Last edited: Aug 19, 2005
6. Aug 19, 2005

### Fermat

In the quadratic formula, you can't have a=0, not only because division by zero is out, but because if a = 0, then you don't have a quadratic, just a linear expression in x. The QF is for quadrtic expressions, so having a != 0 is a condition of using it.

In your optimum angle problem, why do you not allow h=0?
h=0 is the state of the problem when projecting upon horizontal ground and any (general) expression should be able to take h=0 as one possible value.
Also, putting h=0 allows you to check the accuracy of your own general solution for one specific case.

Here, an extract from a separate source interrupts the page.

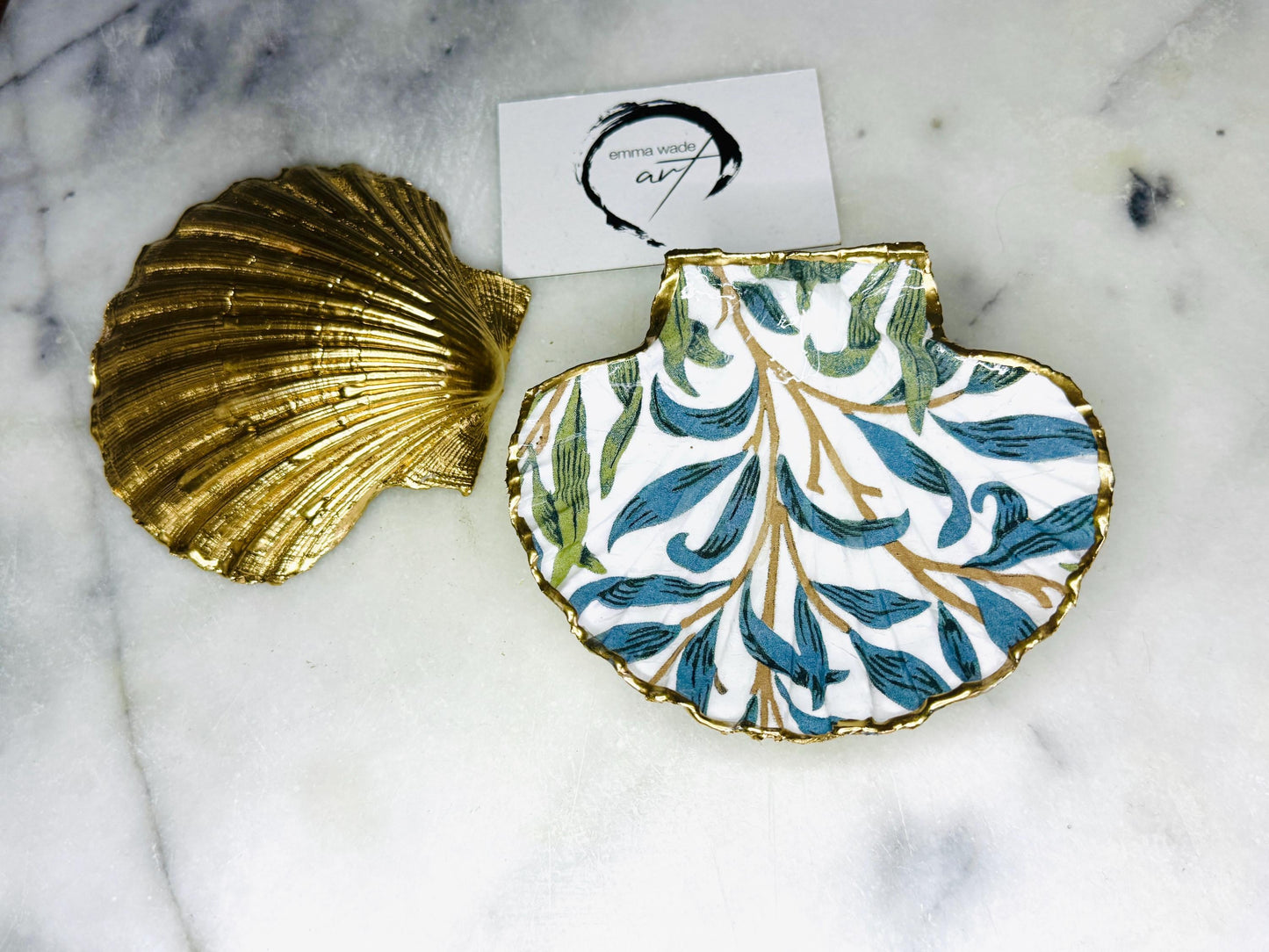 Handmade Dorset scallop shell trinket dish featuring William Morris Willow Bough design in soft blue and green tones. Decorative shell jewellery dish finished with hand-applied liquid gold leaf edging and glossy resin. Coastal inspired ring holder with botanical Arts and Crafts pattern and natural shell shape, styled as elegant bathroom décor and heritage home accessory.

I solved this problem in another forum, some time ago, but I can't find my solution. I'll have another look and see if I can figure out something.

Last edited: Aug 19, 2005
7. Aug 19, 2005

### bomba923

From reading your previous post, it seemed that you saw h = 0 as a problem...a problem when dividing by $cos {2\theta}$ when solving ${dx}/{d\theta} = 0$ for for $$\theta$$. Would it be this step that invalidates my original formula for the $$\theta$$ ?
In some other forum (non-PF)...or just in another section of PF?
Can you remember some phrases/quotes, that I may google-search for it?

Aside from that, how fares the calculator solution?
$$\theta = \cos ^{ - 1} \left[ {\frac{{\sqrt {2\left( {2gh + v_0^4 } \right)} }}{{2\sqrt {gh + v_0^4 } }}} \right]$$
Not sure how this was derived...but it appears to work:
@h=0, $\theta = {\pi}/{4}$, and ${d\theta}/{dh} < 0$ as expected.

8. Aug 19, 2005

### Fermat

This can be a problem, but as a problem can be circumvented by taking out $$cos2\theta$$ as a factor, which can be equated it to zero as a solution of the expression. This would give you $$\theta = \pi/4$$ as one solution! So now I don't think that's the problem.
It's from TSR maths forum, but I've already searched for it with no luck. I'm sorry but I can't remember any significant details - but it was the exact same problem. Fiinding the optimum angle for shooting off a cliff/hill top.
Still working on it. But there's a problem in the expression you gave. gh and $$v_0^4$$ should have the same units. Shouldn't it be $$v_0^2$$

9. Aug 19, 2005

### Fermat

Worked throught the problem again, and as answer got,

$$cos2\theta = \frac{gh}{gh + v_0^2}$$

which, in effect, is the same the one you got,

$$\theta = \cos ^{ - 1} \left[ {\frac{{\sqrt {2\left( {2gh + v_0^4 } \right)} }}{{2\sqrt {gh + v_0^4 } }}} \right]$$

(once you chage the $$v_0^4$$ to $$v_0^2$$)

Found your error - it was just a wrong sign!

The final term $$+ \; 2v_0^{ - 1} gh$$ should be $$- \; 2v_0^{ - 1} gh$$

If you work through from there on, you should end up with the expression I got, which you can simplify to the one from your friend with the calculator.